**ASSIGNMENT**
This exercise requires an exact copy of each line from the one containing "Bernese Mountain Dog Blanket, Bernese" down to the last line below.

--- START ---

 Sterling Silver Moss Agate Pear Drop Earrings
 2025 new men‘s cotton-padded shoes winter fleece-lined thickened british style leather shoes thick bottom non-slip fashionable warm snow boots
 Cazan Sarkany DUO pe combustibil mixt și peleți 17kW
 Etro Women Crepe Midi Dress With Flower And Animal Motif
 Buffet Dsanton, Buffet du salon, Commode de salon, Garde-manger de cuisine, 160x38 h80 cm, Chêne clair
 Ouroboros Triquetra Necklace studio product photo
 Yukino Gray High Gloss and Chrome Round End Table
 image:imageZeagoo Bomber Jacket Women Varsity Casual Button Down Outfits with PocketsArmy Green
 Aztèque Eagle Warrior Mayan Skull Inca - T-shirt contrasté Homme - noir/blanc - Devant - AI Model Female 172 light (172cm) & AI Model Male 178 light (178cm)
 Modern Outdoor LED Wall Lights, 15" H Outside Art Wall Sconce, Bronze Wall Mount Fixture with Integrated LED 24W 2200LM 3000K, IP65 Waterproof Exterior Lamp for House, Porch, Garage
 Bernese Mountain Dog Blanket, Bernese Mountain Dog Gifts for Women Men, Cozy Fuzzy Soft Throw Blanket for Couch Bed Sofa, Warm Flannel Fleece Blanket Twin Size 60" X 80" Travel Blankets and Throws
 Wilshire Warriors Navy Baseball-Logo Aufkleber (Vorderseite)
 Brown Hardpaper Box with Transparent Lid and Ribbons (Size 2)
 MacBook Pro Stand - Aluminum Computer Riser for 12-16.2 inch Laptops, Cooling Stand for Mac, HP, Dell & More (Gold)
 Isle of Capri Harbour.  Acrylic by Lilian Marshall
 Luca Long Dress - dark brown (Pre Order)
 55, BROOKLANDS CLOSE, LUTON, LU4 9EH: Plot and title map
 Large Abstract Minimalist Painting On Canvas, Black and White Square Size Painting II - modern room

--- END ---

**EXERCISE RESULT**
 Bernese Mountain Dog Blanket, Bernese Mountain Dog Gifts for Women Men, Cozy Fuzzy Soft Throw Blanket for Couch Bed Sofa, Warm Flannel Fleece Blanket Twin Size 60" X 80" Travel Blankets and Throws
 Wilshire Warriors Navy Baseball-Logo Aufkleber (Vorderseite)
 Brown Hardpaper Box with Transparent Lid and Ribbons (Size 2)
 MacBook Pro Stand - Aluminum Computer Riser for 12-16.2 inch Laptops, Cooling Stand for Mac, HP, Dell & More (Gold)
 Isle of Capri Harbour.  Acrylic by Lilian Marshall
 Luca Long Dress - dark brown (Pre Order)
 55, BROOKLANDS CLOSE, LUTON, LU4 9EH: Plot and title map
 Large Abstract Minimalist Painting On Canvas, Black and White Square Size Painting II - modern room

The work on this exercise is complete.